In time they married, Jane bore Alec a Son
but talk about the war, Alec would have none
all that he said was "between you and me..
I've seen things that no man should ever see"

                 flashbacks in his mind of the dead still ringing
                 offset by his young Wife's ethereal singing
                 somewhere around the Somme young Alec lay dead
                 at least that was what the obituary said.


Part Two - The Ferryman

The Ferryman vowed he would find his girl
he picked some roses to place in the top room
searched high and low to find his precious lost pearl
swore he would have her back before the flowers bloom

treated like a slave, a young girl in her prime
the Brothers got away Jane was left behind
her body it did whither through the passing of time
She was different from the others, Jane was blind

worked as a Milkmaid her hands would get so sore
under constant threats she still searched for the spark
work never done a family waits on the shore
although Jane was blind she could see in the dark

the moon shone bright on the path to the Ferry House
the gusts picked up on the night Jane ran away
salty wind and sea shanty's awakened the grouse
as Jane finally gets her break from the play

He scoured every square inch of the land
yet couldn't ask why?
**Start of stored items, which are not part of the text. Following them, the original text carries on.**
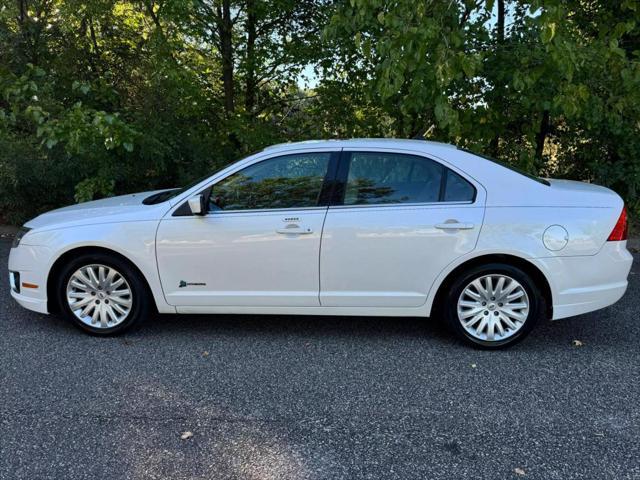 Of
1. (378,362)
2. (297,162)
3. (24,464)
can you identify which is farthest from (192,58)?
(24,464)

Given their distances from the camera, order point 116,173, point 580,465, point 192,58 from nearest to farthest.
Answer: point 580,465
point 116,173
point 192,58

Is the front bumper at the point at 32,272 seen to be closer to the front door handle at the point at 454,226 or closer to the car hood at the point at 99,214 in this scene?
the car hood at the point at 99,214

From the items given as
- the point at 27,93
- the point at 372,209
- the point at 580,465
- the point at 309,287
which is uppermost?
the point at 27,93

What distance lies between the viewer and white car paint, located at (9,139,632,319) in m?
3.86

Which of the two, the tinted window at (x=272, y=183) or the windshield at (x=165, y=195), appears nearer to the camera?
the tinted window at (x=272, y=183)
Or search into his past
at the Wayfarers Inn they'd got it all planned
released from a cruelty that could no longer last

the night the Father died Gaelic psalms they sang
a lonely house still stands like a watch to nature's will
when they buried the Ferryman the church bells rang
the flowers in the attic, they stand there still.
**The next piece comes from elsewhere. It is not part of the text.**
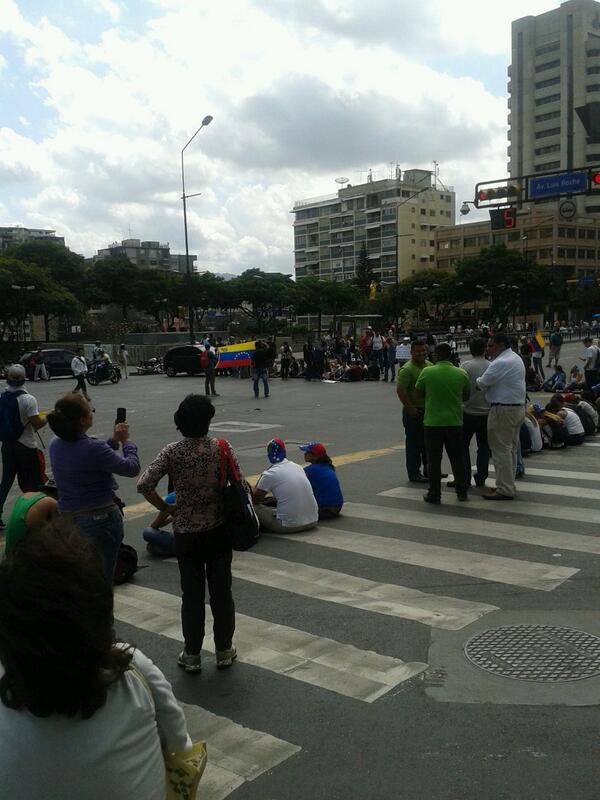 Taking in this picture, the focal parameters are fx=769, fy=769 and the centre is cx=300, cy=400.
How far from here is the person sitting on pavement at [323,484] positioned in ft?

Part three - The Inn (recapitulation)

The Ferrymans lantern swung in the pouring rain
he heard that his Daughter had made it to the Inn
the audience sang to the Drovers refrain
midst discarded cigarettes, rolling dice and gin

Jane had long picked brambles from thorn covered vines
lived an intoned existence yet she had her plans
though Jane was blind she could read between the lines
a chance to escape, she grabbed it with both hands

the Inn's cosy light shone at the end of the lane
to Whiskey Jack, Jane's elopement had come to light
she had nothing to lose and everything to gain
Jane's now with Alec and has recieved her respite

see him dramming away yarns, bereft of what's true
then screaming his lies to the starry sky above
but tidal subtleties are demanding their due
his heart had long died to the trueness of love

the landlord played the piano and felt every note
the Ferryman's lantern swung in the pouring rain
given up his search, now in want of his boat
regular at the Inn but never seen again

he knew that yesterday would never come back
sailing aimlessly like a throw of the dice
he knew there would be no-one to take up the slack
the doomed Mariner paid the ultimate price.
On the North coast of Scotland on the Ard Neakie peninsular, there lies an old Ferry house, built before the road in 1830. Sadly it has long fallen into desuetude. On the other side of Loch Erribol lies the Wayfare Inn, now a holiday let. My imagination knows no bounds.